In [1]:
import findspark

findspark.init()

In [2]:
from pyspark import SparkContext
sc = SparkContext()
sc

In [3]:
from pyspark.sql import SparkSession

spark = SparkSession.builder.appName("final_model").getOrCreate()

In [4]:
data = spark.read.parquet("s3://ppol567lab2/data_text.parquet")

In [19]:
data.printSchema()

root
 |-- author: string (nullable = true)
 |-- author_cakeday: boolean (nullable = true)
 |-- body: string (nullable = true)
 |-- author_patreon_flair: boolean (nullable = true)
 |-- can_gild: boolean (nullable = true)
 |-- controversiality: long (nullable = true)
 |-- collapsed: boolean (nullable = true)
 |-- score: long (nullable = true)
 |-- subreddit: string (nullable = true)
 |-- comment: integer (nullable = true)
 |-- post: integer (nullable = true)
 |-- moderator: integer (nullable = true)
 |-- admin: integer (nullable = true)
 |-- body_clean: string (nullable = true)
 |-- body_tokenized: array (nullable = true)
 |    |-- element: string (containsNull = true)
 |-- body_no_stopw: array (nullable = true)
 |    |-- element: string (containsNull = true)
 |-- rawfeatures: vector (nullable = true)
 |-- feats: vector (nullable = true)



In [21]:
from pyspark.ml.feature import VectorAssembler

#assembling vector to run LR 
vectorAssembler = VectorAssembler(inputCols = ['score',
                                              'collapsed', 'moderator', 'feats', 'comment',], 
                                  outputCol = 'features')
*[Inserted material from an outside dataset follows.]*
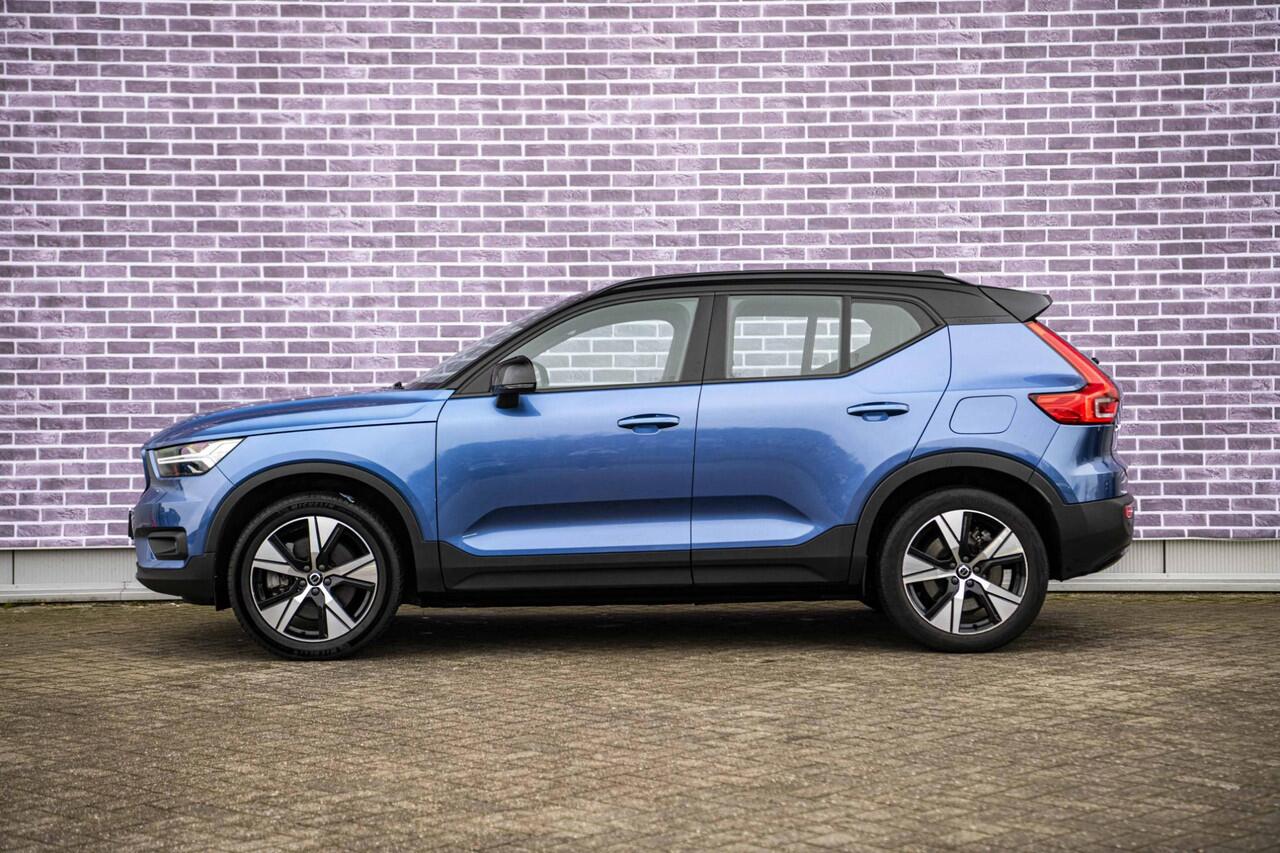Volvo XC40 Recharge P8 AWD R-Design | Keyless | Stoel-/ Stuurverwarming | Trekhaak | Harman & Kardon | Adaptieve Cruise Control | Carplay | DAB | BLIS |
model_df = vectorAssembler.transform(data)
model_df = model_df.select('features', 'controversiality')

In [22]:
model_df.printSchema()

root
 |-- features: vector (nullable = true)
 |-- controversiality: long (nullable = true)



In [23]:
#split into training and test
training, test = model_df.randomSplit([0.6, 0.4], 123)


In [24]:
training.count()

26297781

In [None]:
test.count()

In [14]:
from pyspark.ml.classification import LogisticRegression

#running first model
lr = LogisticRegression(featuresCol = 'features', labelCol = 'controversiality', maxIter=10)
lr_model = lr.fit(training)

In [15]:
#saving output for later use
lr_model.save("s3://ppol567lab2/lr_model.model")


In [22]:
# Make predictions.
predictions = lr_model.transform(test)

In [23]:
predictions.show()

+-------------------+----------------+--------------------+--------------------+----------+
|           features|controversiality|       rawPrediction|         probability|prediction|
+-------------------+----------------+--------------------+--------------------+----------+
|     (262148,[],[])|               0|[3.84760059684005...|[0.97911464607619...|       0.0|
|     (262148,[],[])|               0|[3.84760059684005...|[0.97911464607619...|       0.0|
|     (262148,[],[])|               0|[3.84760059684005...|[0.97911464607619...|       0.0|
|     (262148,[],[])|               0|[3.84760059684005...|[0.97911464607619...|       0.0|
|     (262148,[],[])|               0|[3.84760059684005...|[0.97911464607619...|       0.0|
|     (262148,[],[])|               0|[3.84760059684005...|[0.97911464607619...|       0.0|
|     (262148,[],[])|               0|[3.84760059684005...|[0.97911464607619...|       0.0|
|     (262148,[],[])|               0|[3.84760059684005...|[0.97911464607619...|

In [37]:
from pyspark.mllib.evaluation import BinaryClassificationMetrics

#select only prediction and label columns
preds_and_labels = predictions.select(['prediction','controversiality'])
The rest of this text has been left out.